Oh, and I'm NOT bitter.  I'm very optimistic.  Seriously.  :D

See the smile?

Thursday, August 19, 2010

Meeting Agent CB tomorrow!

Very excited.  I have to go to Connecticut and on the way I get to meet my agent, Caitlin, face to face for the first time!

I'm also starting to edit my other non-fiction book, "Dealing with Dudes and Chicks".  It's a kind of spiritual guide for teens based on discussions I've had with my daughter about the teachings of Neale Donald Walsch.  He wrote the "Conversations with God" books.  HIGHLY recommend them if you haven't checked them out yet.

Anyway, won't be writing tomorrow as I'll be on the road, so have a great weekend, and STAY POSITIVE!

Tuesday, August 17, 2010

The Magic of Walt

There are countless books on him, numerous quotes from him, and endless movies and stories by him.  But the one thing I can bet Walt Disney would want us all to remember is this:  he's human.

He's not especially gifted, not the second coming, and not flawless.  He could draw, sure, but the way he was successful was simply determination and optimism.

"All our dreams can come true, if we have the courage to pursue them."

Courage is the basis for optimism, remember?  

"I always like to look on the optimistic side of life, but I am realistic enough to know that life is a complex matter. "

True enough.  Life is complex, as you've seen on this blog.

"You may not realize it when it happens, but a kick in the teeth may be the best thing in the world for you. "

That's what I keep telling myself everytime I get rejected or can't find a job.  I don't know why as it's happening, but it must be happening for a reason.

Why am I telling you all this?  Because I want each and every one of you to believe that you could very well be the next Walt Disney.  Or JK Rowling.  Or whomever you wish.

You CAN be!  Your character could spawn an entire enterprise.  Your story could be told for generations.  Your legacy could live forever in a book.

"if you can dream it, you can do it"

Walt wasn't given any breaks.  He wasn't born into riches.  He wasn't handed the keys to a Disneyland.  He built that all from the ground up - with his imagination, his belief and his determination.  

He never gave up.  Neither should you!

Monday, August 16, 2010

Next Steps in the Process

So, the revised manuscript is complete.  I've made the changes my agent wanted, including a new ending which was easier than I thought, surprisingly.  Now I've got to review it carefully, have a couple of kids read it (including my own), and the back to the agent it goes!

Now, I'm not sure if I've mentioned this before, but she said she wants to send it out to publishers in mid-September or so.  Seems August is a bad time to try and get something to vacationing editors and is a sign that it's not really something too hot.  September and October they're coming back from vacation and ready to start loading up for next summer, I guess.
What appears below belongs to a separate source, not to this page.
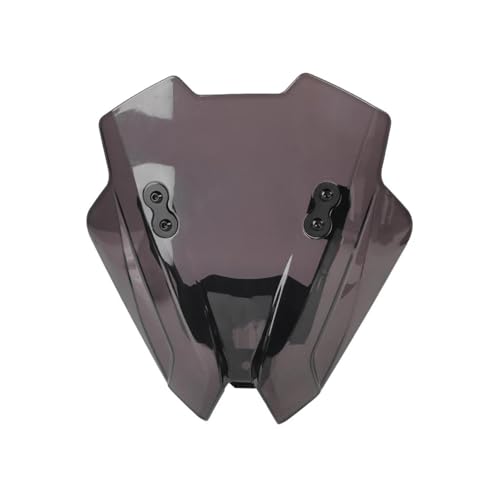 Deflecteur de vent CFMOTO 800NK reduit la fatigue avec bouclier flux d'air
So, we may go through a few more small corrections or changes, but basically I'm feeling like this is the last go round before we start shopping it.

I'm very excited!  Especially because this time I have a new reader checking it for me - Ethan Lower, a friend's son.  He's good because he's brand new - doesn't know the story line, doesn't know the area, doesn't know the history.  Should be interesting to see what he thinks.

Anyway, that's all for now.  I've got to get reading - my goal is to have it proof-read by end of week.

Tomorrow, I'll talk a bit about my hero and his life that I'm reading about now:  Walt Disney!

Thursday, August 12, 2010

You as a Writer

We've got out-of-town guests today for the weekend so I won't be updating this for a few days.  Given that, I wanted to leave you all with something I've learned - and it's only taken me fifteen years to get through my thick skull.  I would love for you to learn it faster.

What did I learn?  That I am a writer.

Easier said than done, believe me!

For the longest time I was TRYING to be a writer, or I HOPED to be a writer.  But long before I got my agent I realized something:  writing isn't a job, it's a state of being.  It's not an accomplishment, it's a way of life.

Now I know you've all heard this before and are probably thinking "Duh," which, apart from sounding like my sixteen year-old daughter, would be right on the mark.  It is obvious.  But be realistic:  how many of you are thinking you won't be a writer until you publish something?  Until you get an agent?  Until someone who is NOT your mother, brother, sister, or pet goldfish absolutely LOVES your work?

No.  You're a writer the minute you decide to be one.  How good a writer you are is a different story:  we all have room for improvement.  Heck, most critics will tell you that J.K. Rowling's last Harry Potter book is much stronger than the first.

But if you have a dedication to putting pen to paper (ok, well, finger to keyboard), and it drives you to complete stories, essays, opinions, biographies, whatever, you are a writer.  If you long to convey some kind of emotion through the written word, you are a writer.  If you love to inform and education and take people on a path of discovery through description and narrative, you're a writer.  Doesn't matter if no one likes it, or if you're six years old.

It's who you are, not what you do.

Oh, and if you love to doodle, you're probably an illustrator.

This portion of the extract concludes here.